[Stored data Boundary: Start]
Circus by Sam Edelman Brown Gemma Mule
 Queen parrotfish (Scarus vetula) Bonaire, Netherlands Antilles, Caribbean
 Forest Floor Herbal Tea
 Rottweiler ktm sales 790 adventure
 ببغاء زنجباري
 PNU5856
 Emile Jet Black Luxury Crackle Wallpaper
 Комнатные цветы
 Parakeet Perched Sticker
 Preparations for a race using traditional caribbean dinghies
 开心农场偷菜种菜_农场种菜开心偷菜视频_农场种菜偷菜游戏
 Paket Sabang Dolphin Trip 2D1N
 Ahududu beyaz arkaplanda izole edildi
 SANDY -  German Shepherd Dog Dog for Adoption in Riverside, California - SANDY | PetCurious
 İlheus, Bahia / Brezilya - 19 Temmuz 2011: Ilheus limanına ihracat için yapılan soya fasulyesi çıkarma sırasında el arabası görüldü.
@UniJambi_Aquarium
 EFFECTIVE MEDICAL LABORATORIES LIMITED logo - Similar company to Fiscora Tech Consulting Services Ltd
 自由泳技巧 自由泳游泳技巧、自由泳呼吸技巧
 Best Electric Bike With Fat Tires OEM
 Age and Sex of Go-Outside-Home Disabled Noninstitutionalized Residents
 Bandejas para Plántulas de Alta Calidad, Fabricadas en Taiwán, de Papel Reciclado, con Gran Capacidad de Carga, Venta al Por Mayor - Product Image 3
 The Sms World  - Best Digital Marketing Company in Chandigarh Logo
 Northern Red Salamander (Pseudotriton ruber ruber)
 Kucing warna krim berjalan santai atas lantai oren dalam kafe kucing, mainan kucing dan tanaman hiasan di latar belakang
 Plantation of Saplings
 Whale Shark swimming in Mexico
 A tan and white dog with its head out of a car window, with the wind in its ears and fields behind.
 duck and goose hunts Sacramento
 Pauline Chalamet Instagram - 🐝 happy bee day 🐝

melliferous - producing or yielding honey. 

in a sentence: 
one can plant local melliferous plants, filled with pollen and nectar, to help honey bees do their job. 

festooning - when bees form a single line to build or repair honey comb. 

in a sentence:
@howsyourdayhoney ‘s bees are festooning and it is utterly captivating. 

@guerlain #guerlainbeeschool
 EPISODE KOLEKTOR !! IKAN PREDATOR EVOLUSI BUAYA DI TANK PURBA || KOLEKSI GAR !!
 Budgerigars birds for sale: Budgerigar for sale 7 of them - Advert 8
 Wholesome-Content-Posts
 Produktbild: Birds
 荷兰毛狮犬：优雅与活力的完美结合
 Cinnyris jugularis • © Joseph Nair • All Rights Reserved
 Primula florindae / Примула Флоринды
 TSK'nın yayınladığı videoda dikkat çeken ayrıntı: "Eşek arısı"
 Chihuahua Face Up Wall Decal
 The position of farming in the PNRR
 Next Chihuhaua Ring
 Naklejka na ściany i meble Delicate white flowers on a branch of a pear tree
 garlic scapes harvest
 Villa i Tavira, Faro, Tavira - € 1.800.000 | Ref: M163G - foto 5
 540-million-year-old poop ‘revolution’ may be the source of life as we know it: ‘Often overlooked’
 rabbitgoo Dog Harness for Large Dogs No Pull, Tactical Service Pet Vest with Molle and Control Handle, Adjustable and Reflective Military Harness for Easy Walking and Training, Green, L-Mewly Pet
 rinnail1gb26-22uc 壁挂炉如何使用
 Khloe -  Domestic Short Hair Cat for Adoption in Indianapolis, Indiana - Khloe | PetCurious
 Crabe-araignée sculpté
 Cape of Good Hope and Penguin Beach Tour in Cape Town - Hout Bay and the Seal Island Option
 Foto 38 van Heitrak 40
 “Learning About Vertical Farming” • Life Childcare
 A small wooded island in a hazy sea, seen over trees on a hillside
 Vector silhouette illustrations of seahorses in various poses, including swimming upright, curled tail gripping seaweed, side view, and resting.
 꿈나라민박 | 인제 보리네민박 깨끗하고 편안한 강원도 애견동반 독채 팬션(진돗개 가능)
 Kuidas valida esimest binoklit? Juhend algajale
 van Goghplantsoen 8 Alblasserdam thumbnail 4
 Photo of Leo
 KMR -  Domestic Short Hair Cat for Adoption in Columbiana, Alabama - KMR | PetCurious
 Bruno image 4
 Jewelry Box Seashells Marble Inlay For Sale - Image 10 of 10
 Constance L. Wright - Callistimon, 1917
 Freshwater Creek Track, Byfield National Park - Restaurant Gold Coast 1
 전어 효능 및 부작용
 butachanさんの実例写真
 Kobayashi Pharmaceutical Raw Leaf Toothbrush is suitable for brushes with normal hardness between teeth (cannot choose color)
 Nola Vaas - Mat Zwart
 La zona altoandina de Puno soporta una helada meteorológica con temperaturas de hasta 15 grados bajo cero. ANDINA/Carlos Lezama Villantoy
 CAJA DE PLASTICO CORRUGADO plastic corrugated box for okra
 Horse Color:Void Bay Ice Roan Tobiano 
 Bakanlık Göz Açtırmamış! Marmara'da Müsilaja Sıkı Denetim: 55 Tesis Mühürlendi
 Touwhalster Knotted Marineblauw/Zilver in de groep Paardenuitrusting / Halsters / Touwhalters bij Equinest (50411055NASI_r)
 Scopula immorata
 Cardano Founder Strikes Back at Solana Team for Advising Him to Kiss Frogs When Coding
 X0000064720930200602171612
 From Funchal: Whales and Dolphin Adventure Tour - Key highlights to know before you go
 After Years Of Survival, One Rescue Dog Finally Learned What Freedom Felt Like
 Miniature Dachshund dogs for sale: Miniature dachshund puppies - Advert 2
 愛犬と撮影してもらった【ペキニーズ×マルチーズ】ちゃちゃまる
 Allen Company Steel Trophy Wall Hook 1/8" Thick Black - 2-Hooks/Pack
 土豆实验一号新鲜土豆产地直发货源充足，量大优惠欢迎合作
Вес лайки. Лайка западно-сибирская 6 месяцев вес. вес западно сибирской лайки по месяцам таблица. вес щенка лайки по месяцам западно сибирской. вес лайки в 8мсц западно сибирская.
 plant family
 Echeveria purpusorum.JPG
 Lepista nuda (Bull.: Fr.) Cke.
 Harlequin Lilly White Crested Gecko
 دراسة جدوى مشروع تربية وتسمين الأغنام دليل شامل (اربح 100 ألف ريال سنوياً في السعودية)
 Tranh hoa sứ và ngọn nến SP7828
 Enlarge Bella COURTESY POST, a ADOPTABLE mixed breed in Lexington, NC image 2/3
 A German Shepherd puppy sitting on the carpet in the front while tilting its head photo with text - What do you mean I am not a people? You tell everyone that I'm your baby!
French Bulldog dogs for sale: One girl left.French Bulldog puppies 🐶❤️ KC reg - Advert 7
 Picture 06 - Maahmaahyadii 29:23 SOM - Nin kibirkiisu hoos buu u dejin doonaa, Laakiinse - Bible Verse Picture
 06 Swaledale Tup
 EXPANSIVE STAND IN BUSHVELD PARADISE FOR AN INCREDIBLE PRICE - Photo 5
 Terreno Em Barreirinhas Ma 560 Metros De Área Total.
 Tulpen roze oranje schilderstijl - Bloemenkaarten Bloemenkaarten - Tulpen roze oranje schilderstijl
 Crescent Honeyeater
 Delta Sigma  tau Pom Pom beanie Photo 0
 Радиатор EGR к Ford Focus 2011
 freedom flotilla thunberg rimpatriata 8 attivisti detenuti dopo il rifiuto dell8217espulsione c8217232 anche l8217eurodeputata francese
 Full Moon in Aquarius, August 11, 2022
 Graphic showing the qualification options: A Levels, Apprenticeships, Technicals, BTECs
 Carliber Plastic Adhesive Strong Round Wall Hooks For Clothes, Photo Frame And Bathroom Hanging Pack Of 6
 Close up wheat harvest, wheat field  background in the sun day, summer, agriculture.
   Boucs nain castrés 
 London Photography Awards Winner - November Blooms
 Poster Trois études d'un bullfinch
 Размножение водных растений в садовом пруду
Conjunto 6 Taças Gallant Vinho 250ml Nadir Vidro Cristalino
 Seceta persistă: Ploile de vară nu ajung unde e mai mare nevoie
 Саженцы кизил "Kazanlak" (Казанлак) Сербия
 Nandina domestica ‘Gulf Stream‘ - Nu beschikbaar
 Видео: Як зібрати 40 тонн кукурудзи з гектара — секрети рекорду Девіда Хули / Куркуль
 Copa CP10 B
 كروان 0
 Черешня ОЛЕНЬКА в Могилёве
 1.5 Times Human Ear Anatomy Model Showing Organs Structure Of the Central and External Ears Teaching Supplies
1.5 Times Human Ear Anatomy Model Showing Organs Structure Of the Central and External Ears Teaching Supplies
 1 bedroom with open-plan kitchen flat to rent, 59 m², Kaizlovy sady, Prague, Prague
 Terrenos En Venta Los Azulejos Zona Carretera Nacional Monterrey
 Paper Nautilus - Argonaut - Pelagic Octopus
[Stored data Boundary: End]
About this task:
Which lines above include the word "Venta"? Pick them out and copy them.

Written answer:
 Bandejas para Plántulas de Alta Calidad, Fabricadas en Taiwán, de Papel Reciclado, con Gran Capacidad de Carga, Venta al Por Mayor - Product Image 3
 Terrenos En Venta Los Azulejos Zona Carretera Nacional Monterrey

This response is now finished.